== Segment start ==

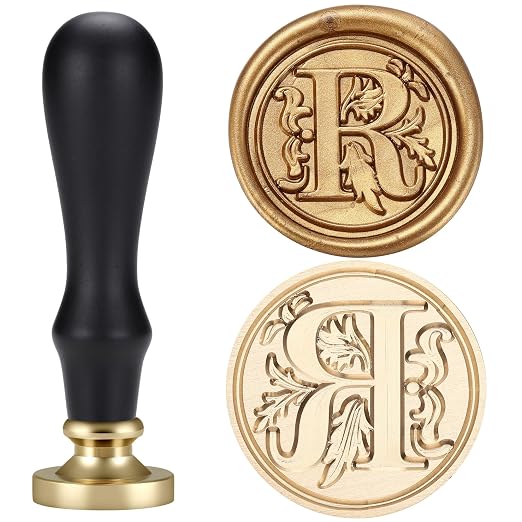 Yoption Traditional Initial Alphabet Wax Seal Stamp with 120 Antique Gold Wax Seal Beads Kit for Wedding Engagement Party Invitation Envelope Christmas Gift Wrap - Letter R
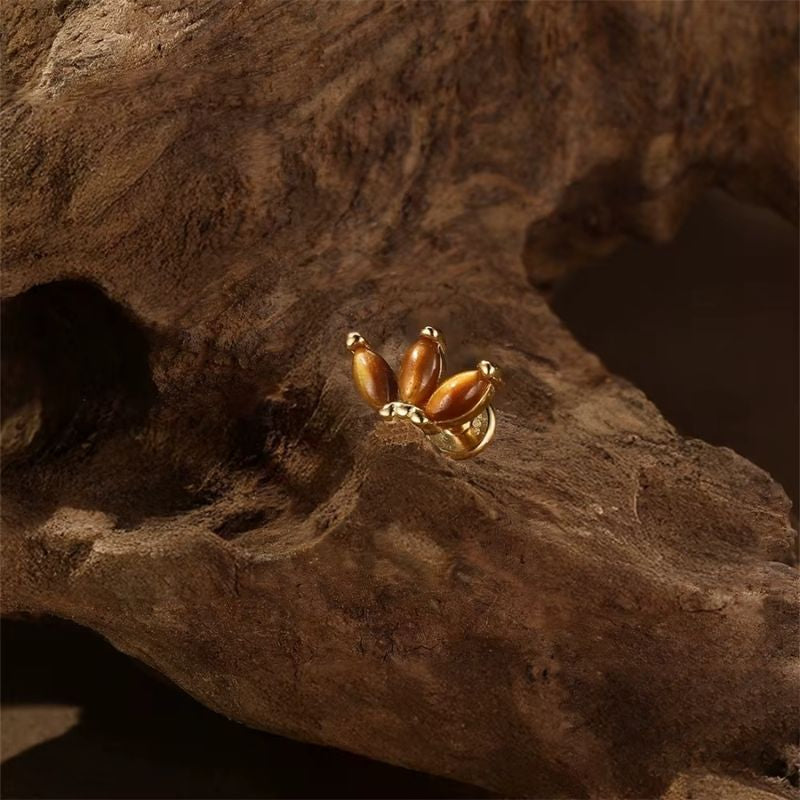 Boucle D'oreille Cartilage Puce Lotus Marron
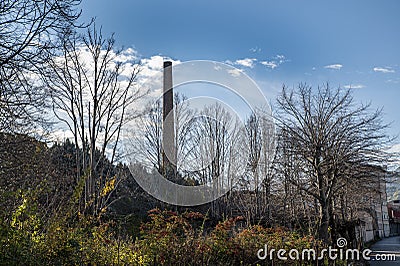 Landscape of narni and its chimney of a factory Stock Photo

== Segment end ==

### TASK OBJECTIVE
Only the lines from the one with "Boucle D'oreille Cartilage Puce Lotus Marron" through the last line above belong in the answer. Reproduce them exactly, without the pictures.

### ANSWER BELOW
 Boucle D'oreille Cartilage Puce Lotus Marron
 Landscape of narni and its chimney of a factory Stock Photo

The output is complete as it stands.